Il faut désormais aller plus loin en profitant des conditions exceptionnelles d'une conjoncture qui ne se reproduira certainement pas dans le futur, et lever les vrais blocages:

- Réformer le marché du travail en ouvrant le débat du contrat de travail et de sa flexibilité: il s'agit de protéger les salariés tout en créant des conditions favorables pour accéder à l'emploi: en clair, il faudrait reconnaitre à l'employeur le droit à l'erreur en embauchant un salarié afin que les contraintes qui pèsent sur lui en cas cas de rupture du contrat de travail (prud'hommes) soit allégées. On doit pouvoir employer et licencier plus facilement afin de tendre vers un modèle de flexisécurité.
- Simplifier le code du travail en enlevant tout une série de normes qui empêche les entreprises d'avancer: le compte de pénibilité introduit l'année dernière par le gouvernement est l'exemple parfait d'un savoir-faire français pour créer de la complexité. Avec ses 10.000 articles, le code du travail prend en moyenne une page par semaine. En Suisse, il comporte uniquement 200 articles et le taux de chômage est de 3,5%. A méditer.
- Améliorer la compétitivité des entreprises afin d'augmenter leurs marges et de retrouver de l'activité avec comme corollaire une augmentation des embauches. Si le taux de marge s'est redressé au 4ème trimestre 2014 à 29,9%, il n'a toujours pas retrouvé son niveau d'avant crise et reste loin de celui de notre voisin Allemand.

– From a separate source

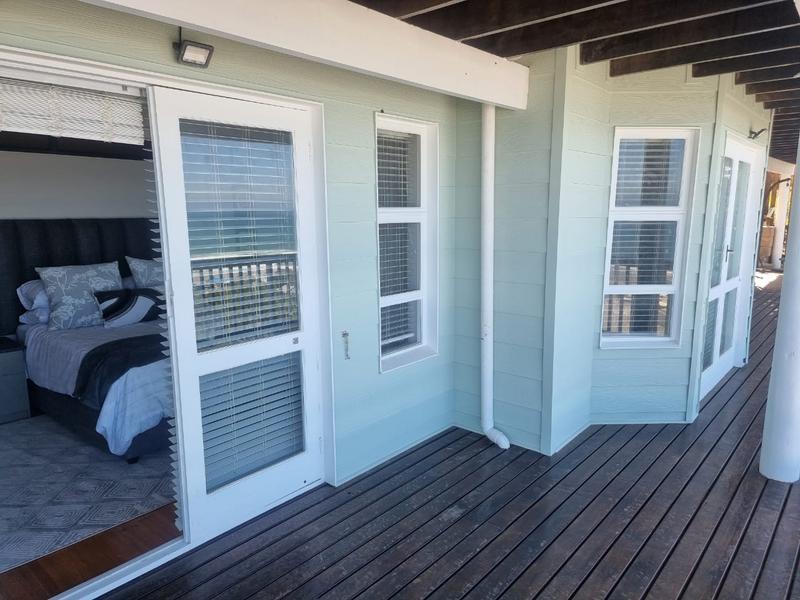To Let 6 Bedroom Property for Rent in Outeniqua Strand Western Cape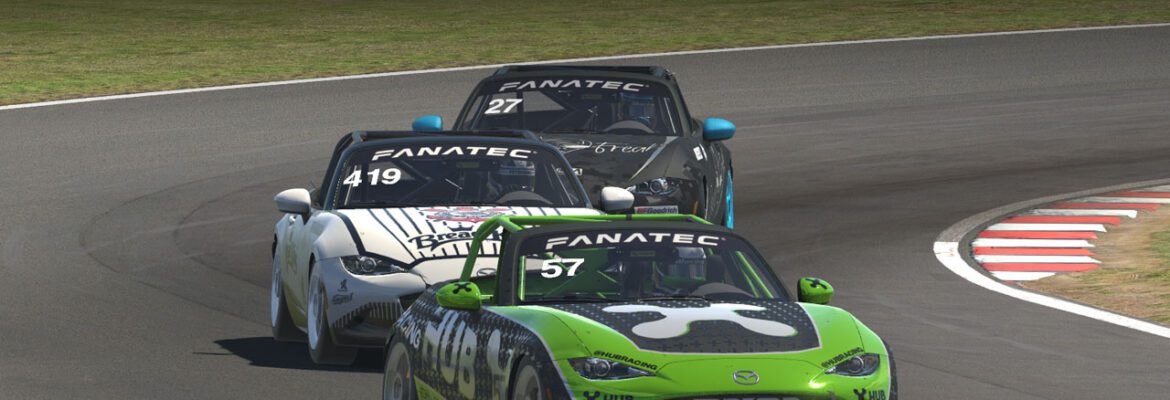 MX5 Cup: Jamison Sampaio (Corinthians) e Guilherme Elizeu (HUB) vencem corridas em Oulton Park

En France, le taux de chômage devrait culminer à 10,6% à la mi-2015 et il n'y a vraiment pas de quoi s'en réjouir. On a tout essayé pour le combattre sauf ce qui marche: à titre d'exemple, le taux de chômage est de 4,9% en Autriche, 4,5% en Islande et 5,5% au Royaume-Uni.
En Allemagne, l'équivalent de Pôle Emploi a même dû réaliser un plan social…faute de chômeurs !

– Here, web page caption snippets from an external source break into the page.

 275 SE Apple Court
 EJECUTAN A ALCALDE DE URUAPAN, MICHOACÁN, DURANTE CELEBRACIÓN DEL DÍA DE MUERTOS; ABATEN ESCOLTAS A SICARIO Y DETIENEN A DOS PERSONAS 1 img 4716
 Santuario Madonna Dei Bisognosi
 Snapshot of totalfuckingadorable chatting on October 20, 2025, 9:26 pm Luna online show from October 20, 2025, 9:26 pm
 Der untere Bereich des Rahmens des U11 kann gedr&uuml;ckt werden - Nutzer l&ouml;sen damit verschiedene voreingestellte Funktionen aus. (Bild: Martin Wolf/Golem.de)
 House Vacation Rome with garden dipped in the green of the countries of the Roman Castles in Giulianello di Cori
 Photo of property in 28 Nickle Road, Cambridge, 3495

La situation est en train de s'améliorer et nous n'y sommes pour rien, il est maintenant temps de faire décoller durablement l'avion France, de l'alléger afin de lui faire prendre de l'altitude: il y a tant de chantiers à mettre en oeuvre au delà même de ceux qui ont pu être évoqués dans cet article: nous n'avons pas le temps d'attendre.
La responsabilité des gouvernements est de préparer un futur meilleur pour nos enfants et personne n'y est insensible: saluons ce qui a déjà été fait, encourageons ce qui reste à faire, dialoguons, faisons évoluer notre pays qui souffre de tant de blocages, d'immobilisme, de manque de dialogue avec des organisations syndicales qui ne sont pas à la hauteur des enjeux.

Avançons, Monsieur Valls, Monsieur Macron, vous ouvrez des perspectives intéressantes: avec les Français, fixons le cap et ensemble, décollons.